Sorry, b is a memptr, not a field.

#25 Updated by Constantin Asofiei almost 5 years ago

Greg Shah wrote:

All POLY cases will be BDT, right? There is no other possibility for a field (:: or BUFFER-FIELD:BUFFER-VALUE()) or the return value from a function (DYNAMIC-FUNCTION()) or method return value (DYNAMIC-INVOKE()). Can we always cast POLY to BDT?

Well, a POLY can always be an extent value (Java array)... that is another whole can of warms to worry about.

The only questions I have:

  • What does BUFFER-FIELD:BUFFER-VALUE() or :: return for CLOB or BLOB? Is this a BDT?

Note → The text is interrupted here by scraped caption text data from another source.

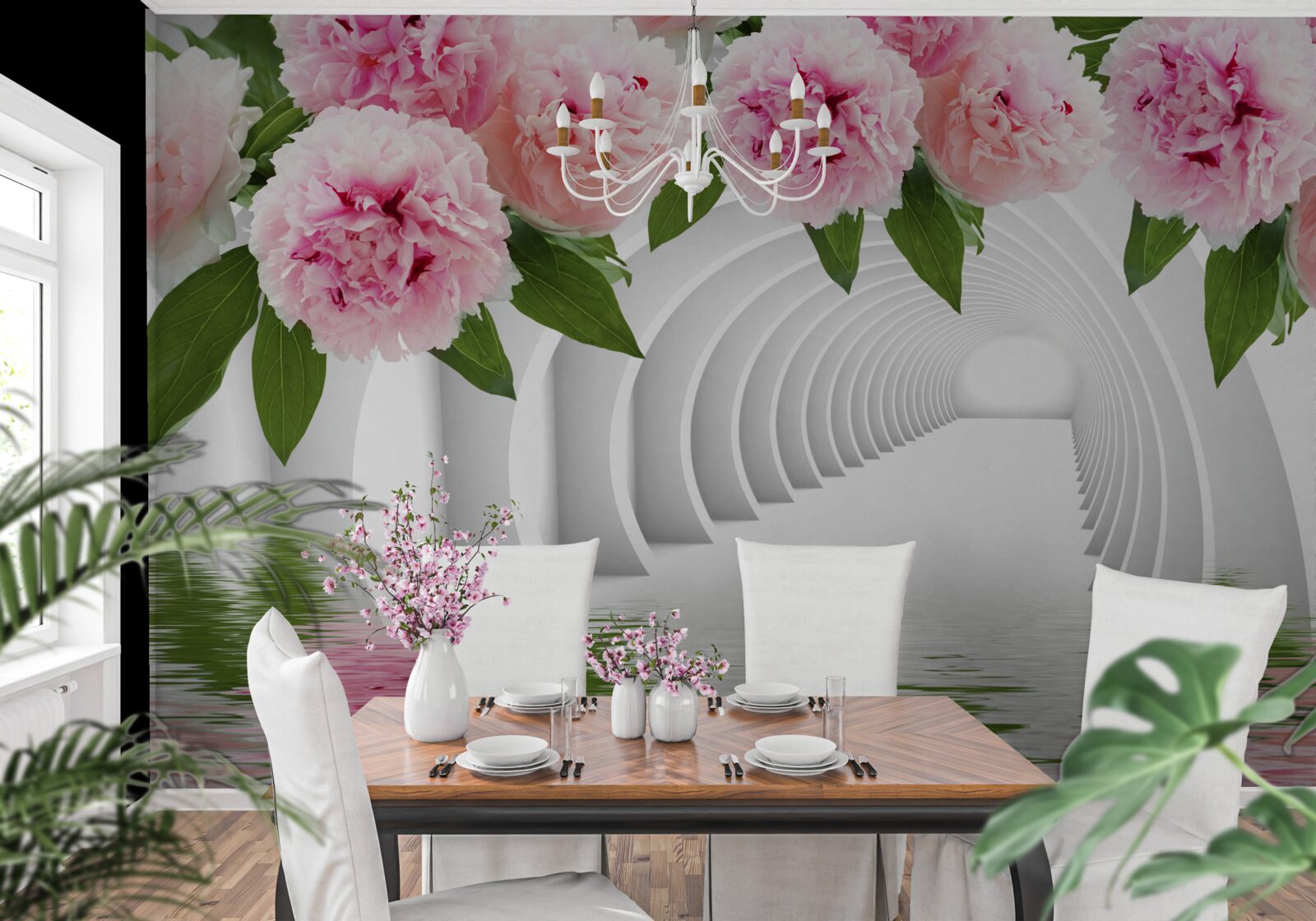 Fototapet bujori în roz deasupra suprafeței apei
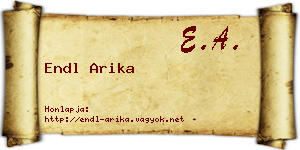 Endl Arika névjegykártya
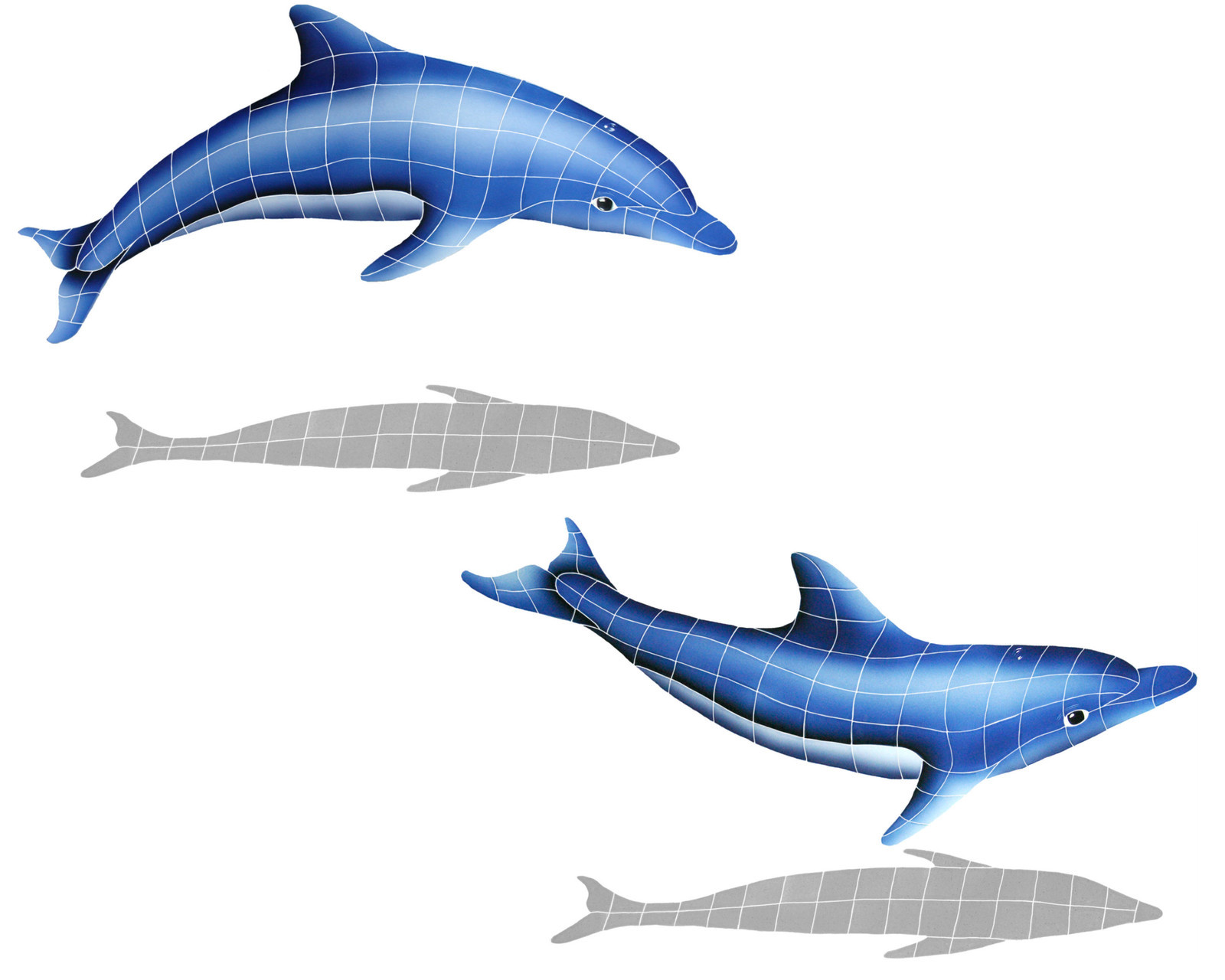 Mosaic Dolphins in the Sun with Shadow for Swimming Pool or Wall – Free Shipping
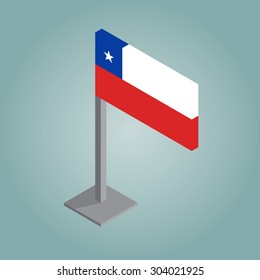 chile flag isometric style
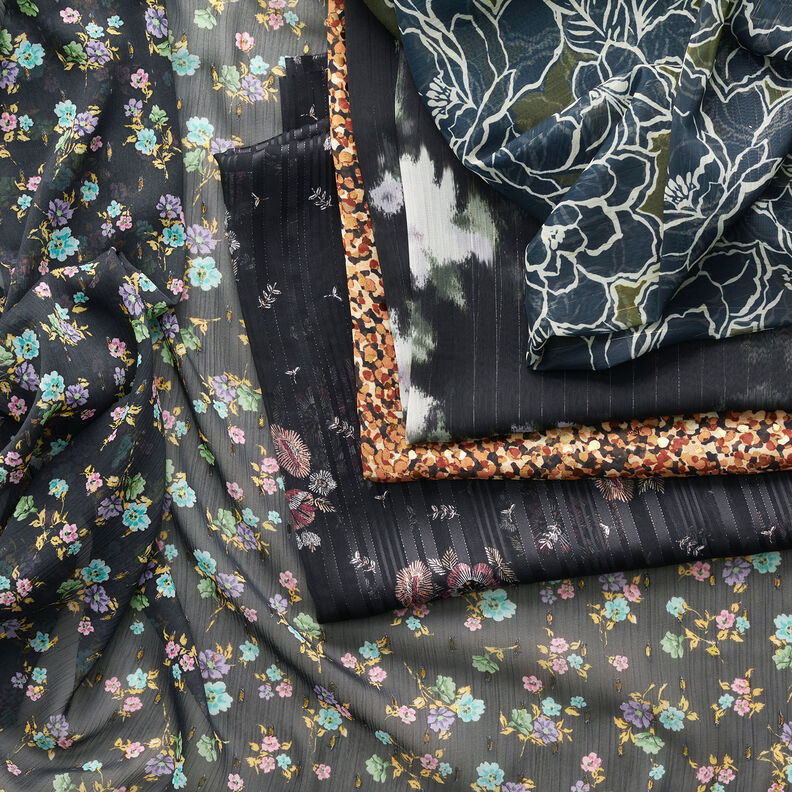 Chiffon glitzernde Nadelstreifen Batikoptik – schwarz/weiss,  image number 6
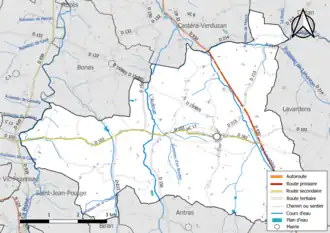 Carte en couleur présentant le réseau hydrographique de la commune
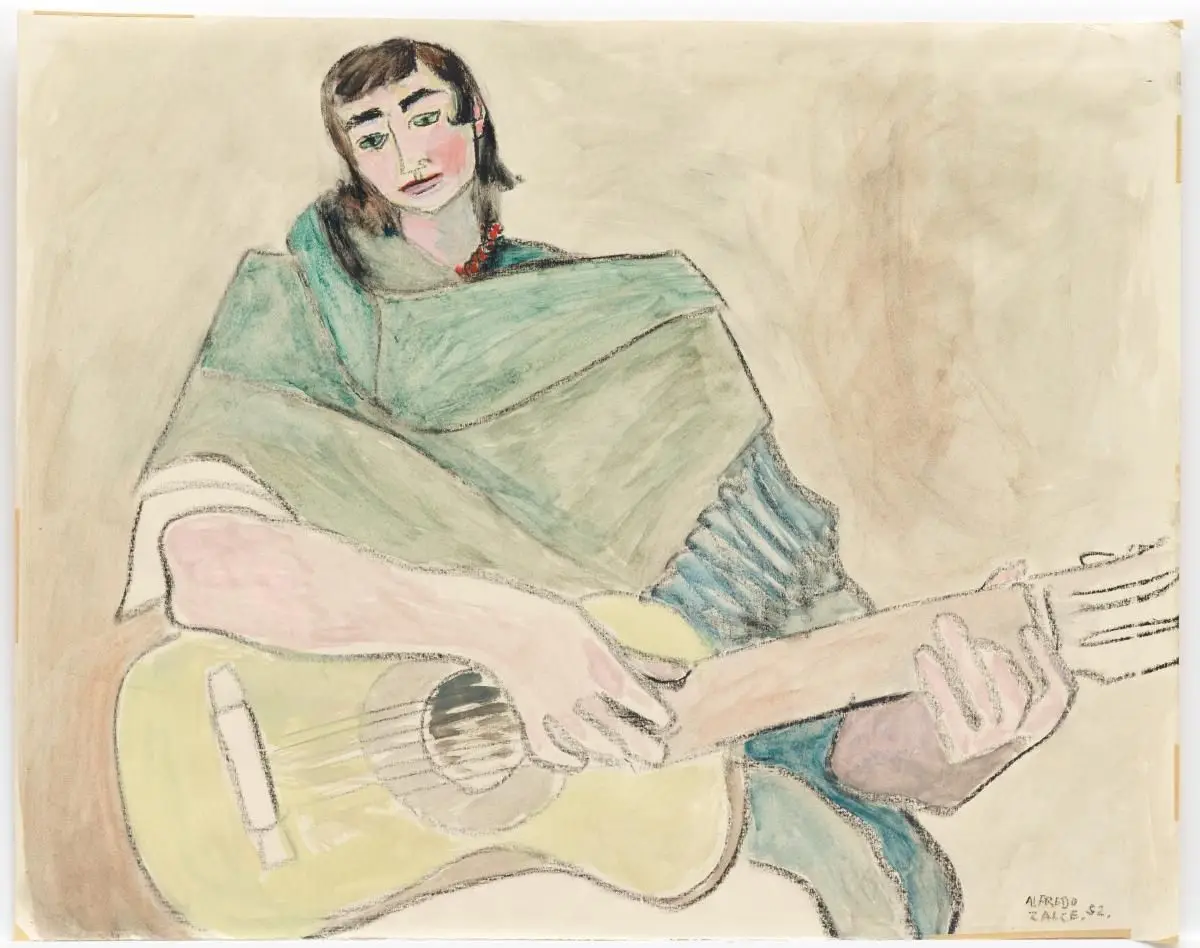 Woman and Guitar by Alfredo Zalce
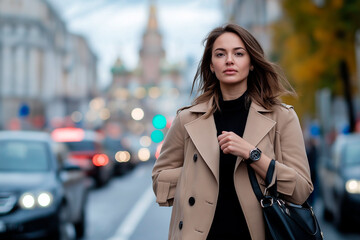 Fototapeta premium Stylish Russian businesswoman walking down street in chic trench coat. Confident and ambitious, she carries a leather business bag, embodying success and modern elegance.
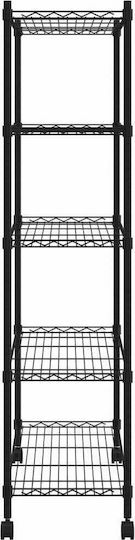 vidaXL Metallisches Küchenwagen Mit 5 Ebenen Schwarz 75x35x155cm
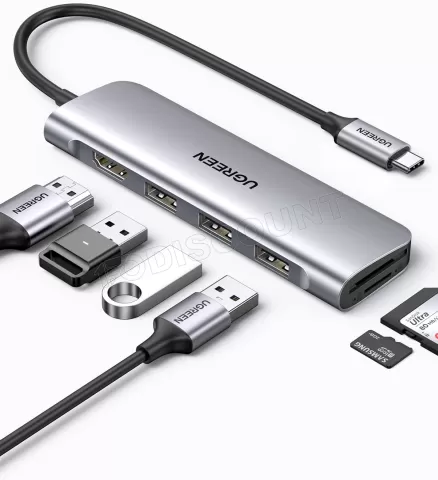 Photo de Adaptateur USB-C Ugreen Revodok vers 1x HDMI + 3x USB-A 3.0 + SD/MicroSD (Gris)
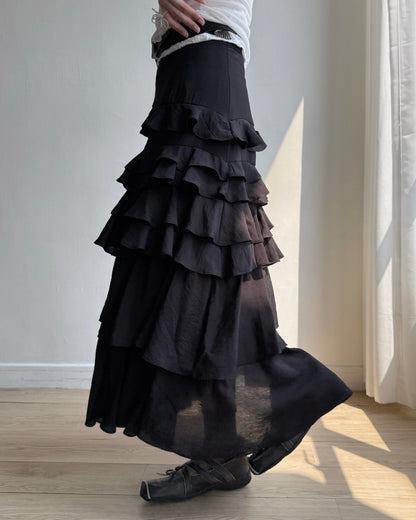 SK218 Ruffle Long Skirt - White | Black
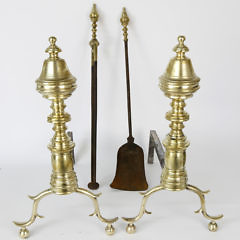 503-1865 Brass Multi-turned Andirons A_9565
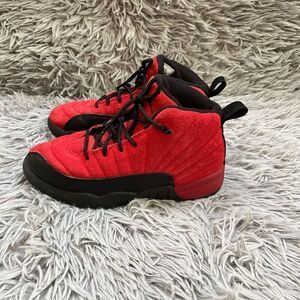 Air Jordan 12 Retro GS ‘Reverse Flu Game’ Red and Black, Size 3Y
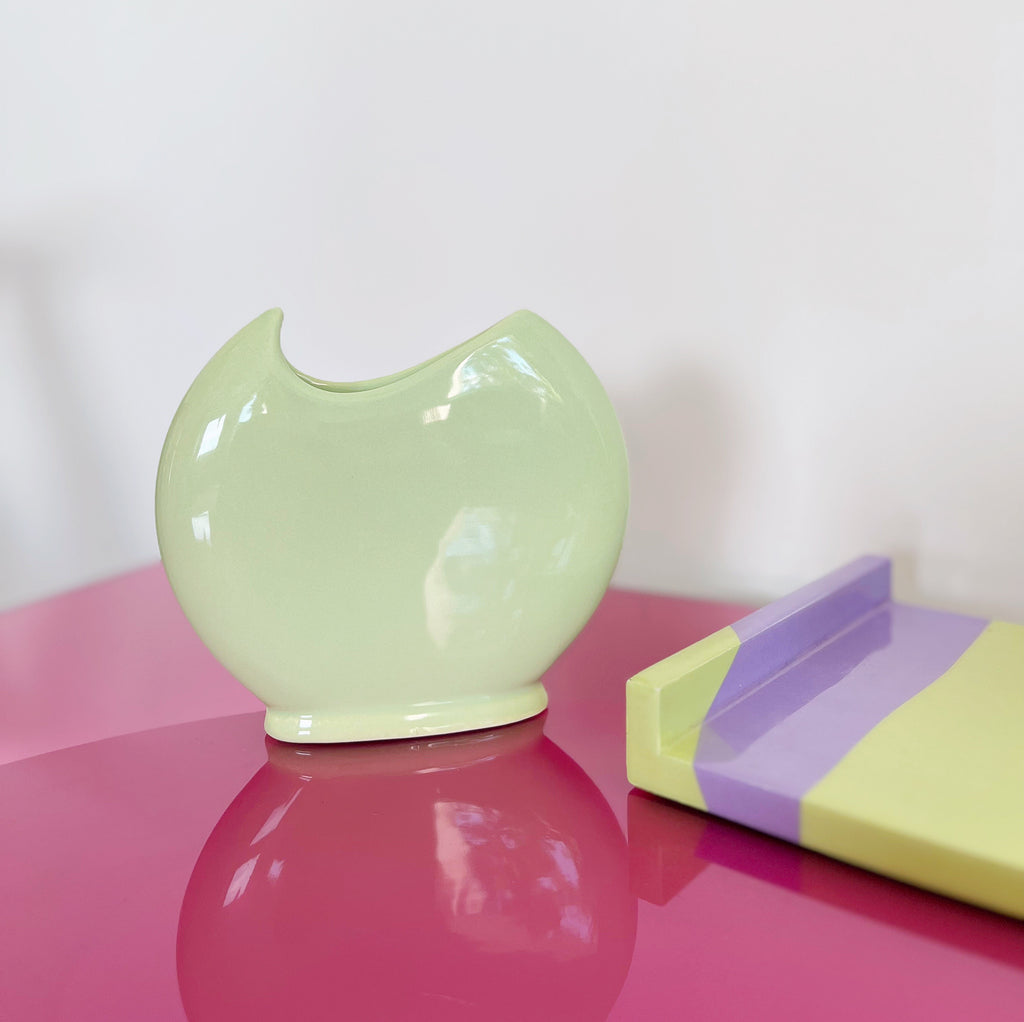 Vase wavy vert pastel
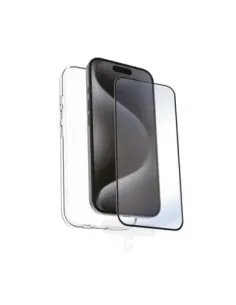 Funda muvit recycletek para apple iphone 16 transparente + protector cristal templado marco negro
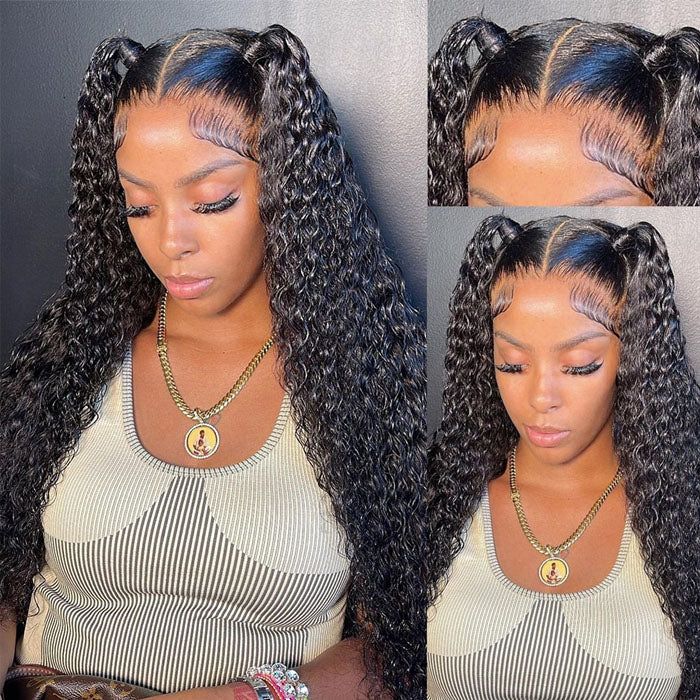 (Air Cap) 4x4/13x4 Pre-Cut Lace Wig Put On And Go Curly Human Hair Wig with Breathable Cap Beginner Wig - Image 4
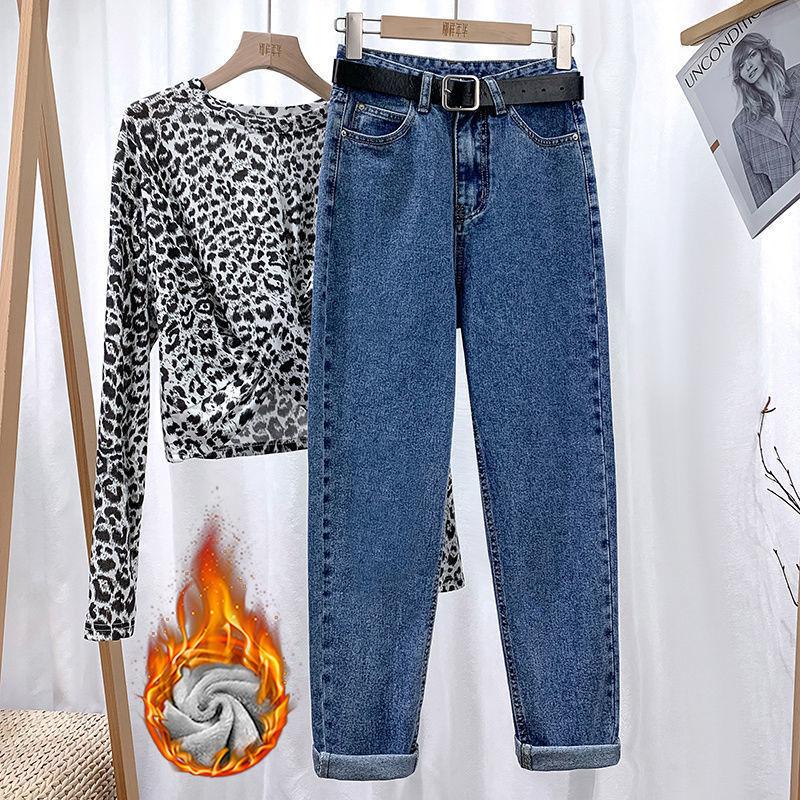 Skinny velvet jeans for women, new autumn and winter loose straight student Harlan pants for women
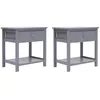 Image de vidaXL Tables de chevet 2 pcs Gris 40x29x42 cm Bois de Paulownia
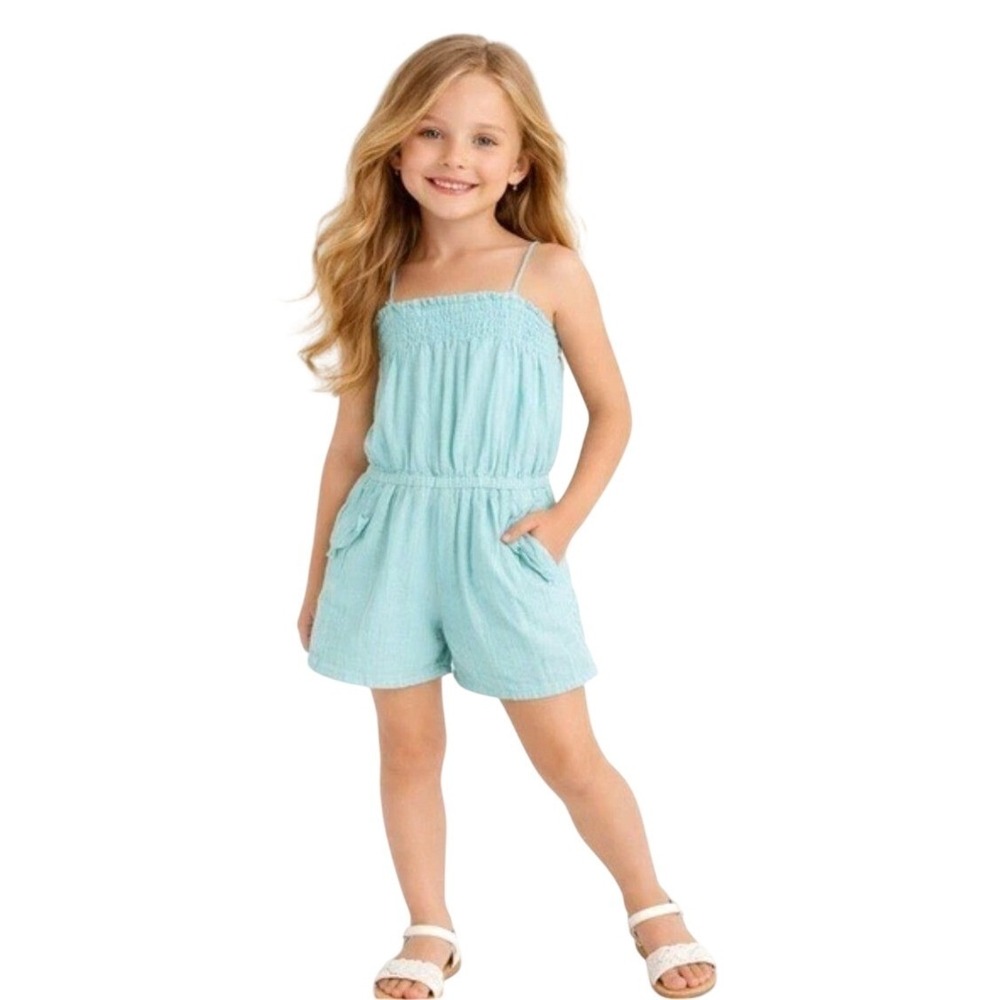 Janie and Jack Girls Blue Gold Lurex Striped Smocked Lightweight Romper Size 8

CLOB and BLOB in FWD are BDTs.

  • What happens in DYNAMIC-INVOKE() for a VOID return type? I guess the 4GL generates an error in this case.

Yes, you get a Invalid use of dynamic invoke of VOID method '%s' in an expression.

#26 Updated by Greg Shah almost 5 years ago

Well, a POLY can always be an extent value (Java array)... that is another whole can of warms to worry about.

It is my understanding that you cannot have an extent for CLOB or BLOB fields. Are any other kinds of fields supported in COPY-LOB? I didn't know it was possible to pass a CHARACTER type.

If a function or method returns an extent (for LONGCHAR or MEMPTR)... is there a failure in COPY-LOB?

In other words, is there any working case where an extent can be passed to COPY-LOB, or do we just have to handle the error processing?

But your point is well taken that an extent can be passed at runtime, so do we need the signature to be Object for the POLY case?

#27 Updated by Constantin Asofiei almost 5 years ago

Greg Shah wrote:

Well, a POLY can always be an extent value (Java array)... that is another whole can of warms to worry about.

It is my understanding that you cannot have an extent for CLOB or BLOB fields. Are any other kinds of fields supported in COPY-LOB? I didn't know it was possible to pass a CHARACTER type.

The target is h:buffer-field(tt1.f1):buffer-value., the BUFFER-VALUE, which is POLY. tt1.f1 was there just to get the field's name.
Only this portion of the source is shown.